Alina fissa il piccolo schermo del suo televisore. Ascolta ormai anestetizzata le ultime notizie sulla guerra nel suo Paese. All’intervento dell’ennesimo analista decide di spegnere la tv. Sospira. Dalla sua piccola stanza, sita in Via Santa Croce in Gerusalemme, nell’occupazione nota ai più dal nome dell’associazione culturale che ospita al piano terra “Spin time”, ci rivolge un sorriso e afferma: “Io ciò che potevo fare, l’ho fatto”. Si riferisce all’ospitalità data a sua nuora e alle sue nipoti proprio nel palazzo occupato dove risiede da sei anni. “All’inizio non volevano venire qui ma poi, con l’estendersi del conflitto anche sul fronte occidentale hanno deciso di scappare”. Un viaggio durato sessantaquattro ore. Solo per varcare la frontiera con la Polonia hanno atteso un giorno e mezzo. Esauste hanno fatto ingresso il 7 marzo in una delle stanze degli ex uffici INPDAP allestita frettolosamente da Alina e da altre sue connazionali che come lei vivono qui. Una pulita al pavimento, dei materassi stesi sul suolo e delle coperte regalatele dai nuovi vicini, sono bastati per affrontare la prima notte. È passato oramai quasi un mese dal loro arrivo, eppure continuano a sentirsi un po’ spaesate in questa babele etnica che ospita più di 150 famiglie di 24 nazionalità diverse. I loro nuovi “vicini di corridoio” vengono dalla Nigeria, dal Senegal, dalla Romania e dalla Moldavia. Alina avrebbe preferito che i suoi familiari venissero collocati in una stanza vicino alla sua, ma al suo piano le stanze sono tutte prese, così come le altre di questo edificio che risponde alle esigenze dell’emergenza abitativa romana, una tra le più gravi del Paese. Secondo le stime ufficiali, le famiglie in attesa di una casa popolare nella capitale sono più di dodicimila e circa diecimila di queste vivono nelle occupazioni. Il palazzo in questione balzò agli onori della cronaca nel maggio del 2019, quando qui venne staccata la luce e le 450 persone che vi abitano, compresi anziani e bambini, rimasero senza elettricità per sei giorni fino al gesto del cardinale Konrad Krajewski che, assumendosi piena responsabilità dell’atto, decise calarsi nei tombini del contatore e riallacciare la corrente. Un gesto non passato inosservato e che fece parlare all’epoca di “disobbedienza civile”. Ora l’elemosiniere del papa fa avanti e indietro da Leopoli, sempre alle prese con altre opere di assistenza.
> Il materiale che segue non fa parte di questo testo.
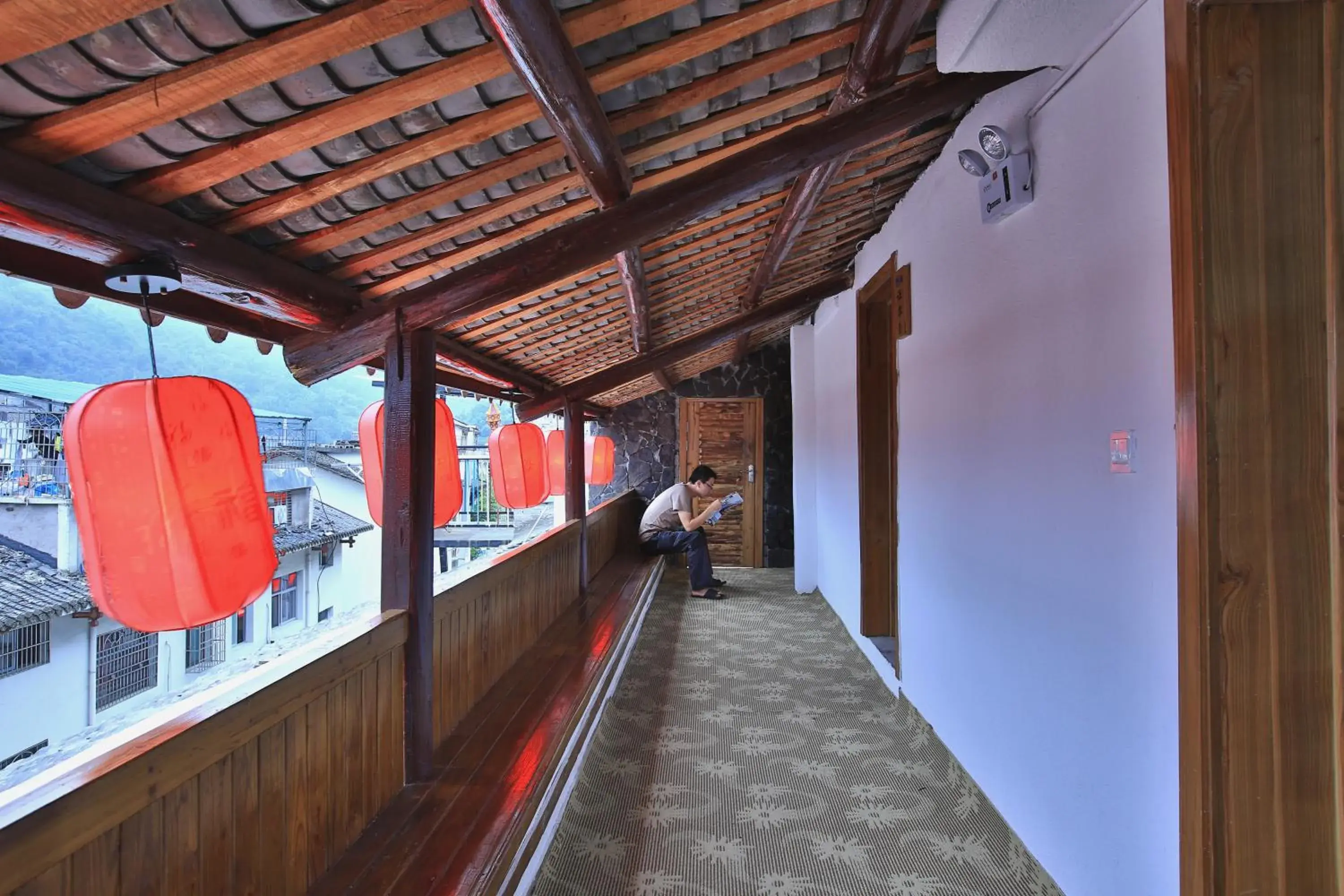 Balcony/Terrace in Zhangjiajie Destination Youth Hostel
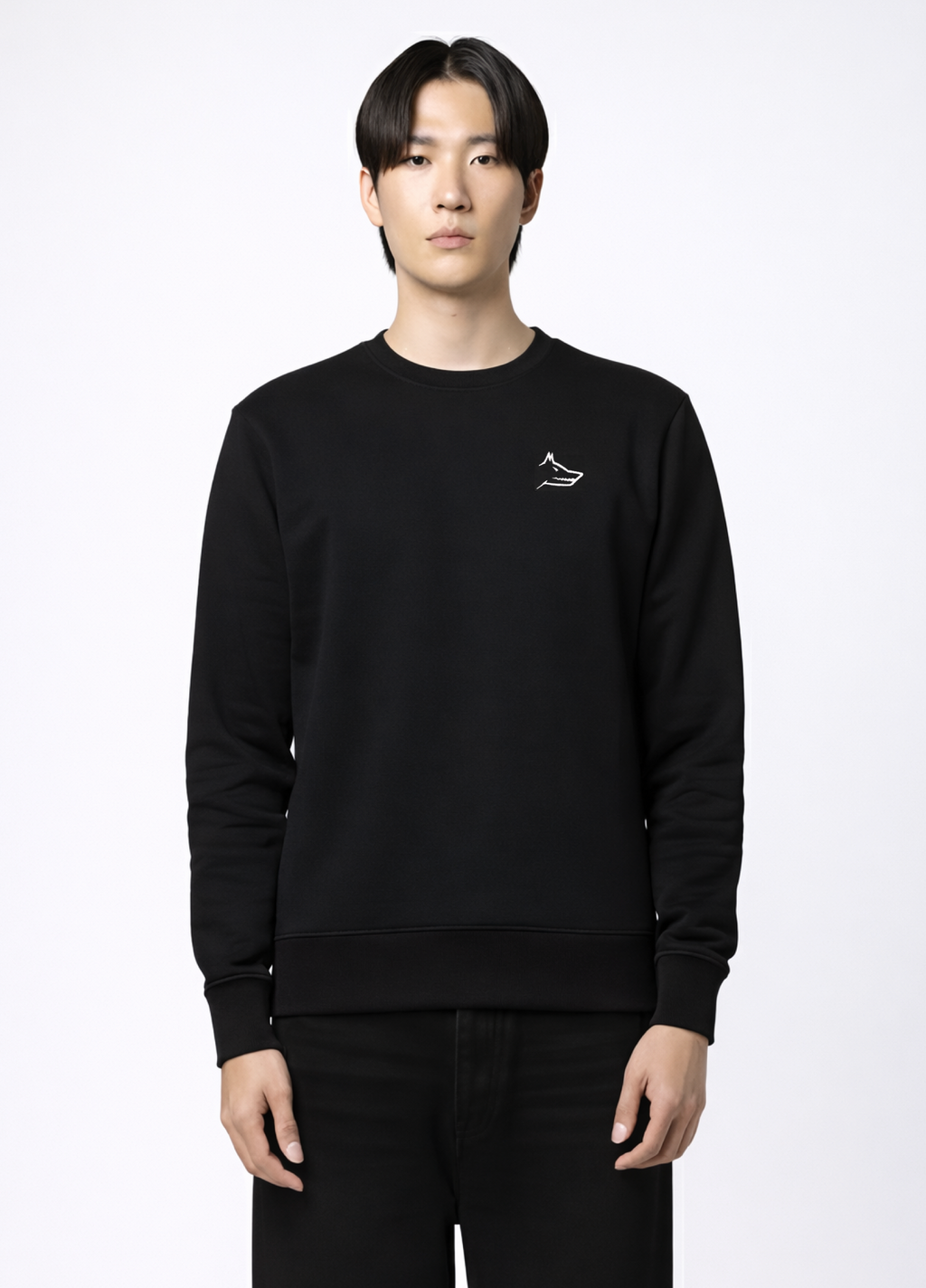Asian man wearing a black Northwind sweatshirt with white Northwind embroidered wolf logo on the chest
La porta di Iryna, la nuora di Alina, è marcata da un particolare: un fiocco con i colori della bandiera ucraina. Facciamo ingresso nella sua stanza, anche qui due bandiere sono appese ai muri dove risaltano i disegni delle sue due bambine di undici e tredici anni che con i pastelli hanno disegnato altrettante bandiere ucraine. La madre ci racconta che le figlie passano le mattine a seguire le lezioni online che le insegnanti della loro scuola continuano, nonostante tutto, a garantire. Le due non vogliono imparare l’italiano, le chiedono ogni giorno: “Mamma, quando torniamo a casa?” Anche Iryna vorrebbe tornare alla vita di tutti giorni nella sua città, Novojavorivs’k, dove lavorava come veterinaria e specialmente vuole ricongiungersi con suo marito che è lì e presta servizio come volontario guidando i camion con le scorte alimentari che dalla Polonia arrivano a Leopoli. E proprio la mancanza dei propri cari spinge molti rifugiati a fare marcia indietro. Come la cognata di Iryna venuta qui anche lei per pochi giorni con i suoi due piccoli figli, finché il dolore e la preoccupazione per il marito l’ha spinta a ritornare in Ucraina. Il giorno dopo del suo ritorno, il 13 marzo, i russi hanno lanciato trenta missili sull’International peace keeping and security center di Yavoriv, a soli dodici chilometri dalla sua abitazione. E allora non le è rimasto altro che rifare le valige. “Ora è in Polonia” ci confida Iryna. Secondo la polizia di frontiera polacca circa tredicimila persone sono tornate in Ucraina lo scorso giovedì. Si stima che sono 370.000 gli ucraini che hanno fatto ritorno nel Paese dallo scoppio del conflitto.